Pupi Avati ha annunciato il suo nuovo progetto durante la Masterclass tenuta al Bif&st – Bari International Film Festival. Il regista bolognese è deciso a tornare al suo vecchio amore, l’horror, con Il signor Diavolo.

Voglio tornare alle paure e alle cose che mi spaventavano quando ero ragazzino. Cosa ti spaventa di più quando sei un ragazzino? Credere all’esistenza del male assoluto: credere al demonio” ha dichiarato Avati. “Ricostruire un mondo degli anni ’50 in campagna per me è un’operazione interessante da fare. Sono eccitatissimo. Voglio tornare a misurarmi con quel mondo fantastico che era la favola contadina, voglio ritornare a quelle storie di paura che si raccontavano davanti al camino e ho il desiderio di ritornare a quel cinema con il quale ho cominciato. È un tentativo di rigenerare un cinema italiano in cui ci sono sempre i soliti cast, dove non distingui un film dall’altro. Per questo penso che ricandidare i generi in questo momento sia una operazione di buon senso. Il cinema italiano non sta incassando più nulla, il box office è un bollettino di guerra”.

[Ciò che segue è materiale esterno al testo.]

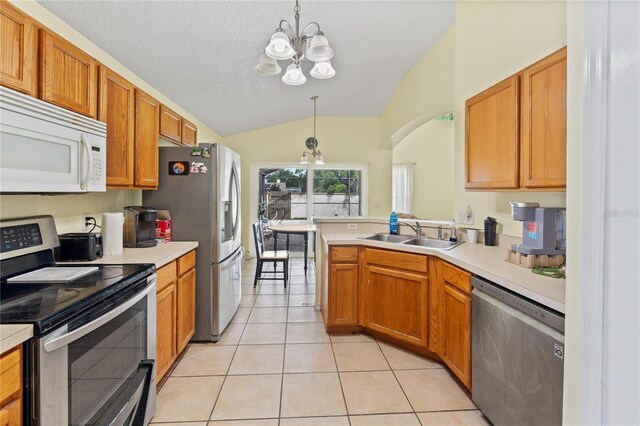 1305 Rebecca Dr, Haines City, FL 33844 - kitchen with stainless steel appliances, a chandelier, vaulted ceiling, light countertops, and light tile patterned flooring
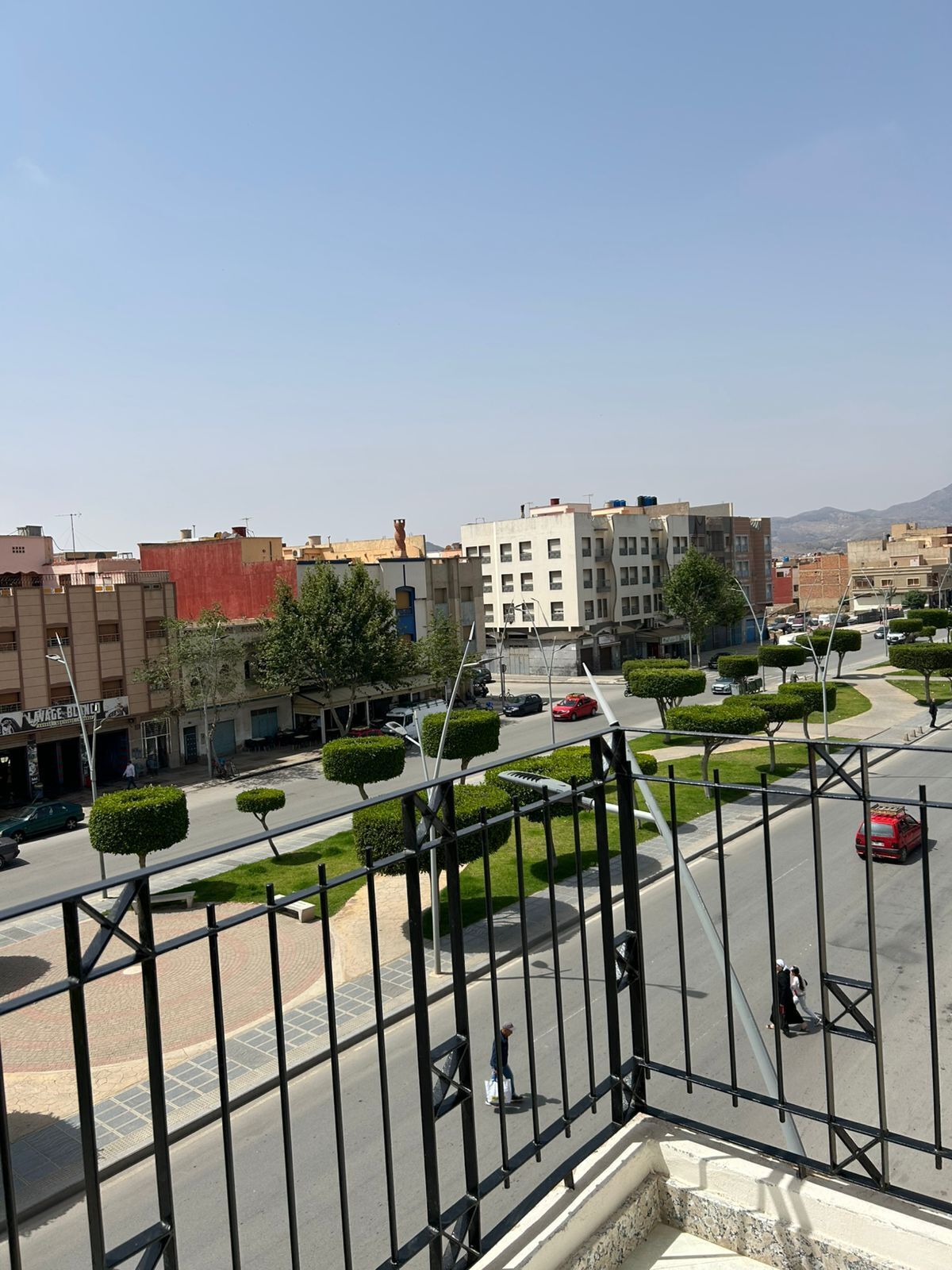 A street view with buildings, a clear sky, and a pedestrian walkway.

Sinossi: Siamo negli anni '50 a ridosso dell'alluvione del Polesine. I protagonisti sono due ragazzini quattordicenni che vivono ancora un tipo di religiosità ancestrale, preconciliare: attorno a loro tutto è sacro e tutto è peccato, c'è ancora il senso dell'inferno, la paura del diavolo. Uno dei due muore di malaria, ma la gente si convince che sia perché ha fatto cadere l'ostia durante la prima comunione e l'ha pestata. L'altro non si rassegna di aver perso l'amico del cuore e fa di tutto per contattare un essere deforme che si pensa abbia rapporti con il demonio. 

Il signor Diavolo verrà girato la prossima estate a Grado, in Friuli Venezia Giulia.